#### [TASK DIRECTIONS]
From the line containing "TRAY CLOTH VINTAGE" to the end of the entries, return every line exactly, both ends included, and add nothing.
------ ENTRIES PROVIDED
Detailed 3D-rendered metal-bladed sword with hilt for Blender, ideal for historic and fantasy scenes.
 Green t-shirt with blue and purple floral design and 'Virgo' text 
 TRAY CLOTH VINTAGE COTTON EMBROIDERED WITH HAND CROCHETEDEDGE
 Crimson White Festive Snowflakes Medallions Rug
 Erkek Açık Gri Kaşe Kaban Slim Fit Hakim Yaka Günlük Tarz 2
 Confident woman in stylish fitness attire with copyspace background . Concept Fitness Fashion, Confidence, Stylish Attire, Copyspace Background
------------
#### [ANSWER BOX]
 TRAY CLOTH VINTAGE COTTON EMBROIDERED WITH HAND CROCHETEDEDGE
 Crimson White Festive Snowflakes Medallions Rug
 Erkek Açık Gri Kaşe Kaban Slim Fit Hakim Yaka Günlük Tarz 2
 Confident woman in stylish fitness attire with copyspace background . Concept Fitness Fashion, Confidence, Stylish Attire, Copyspace Background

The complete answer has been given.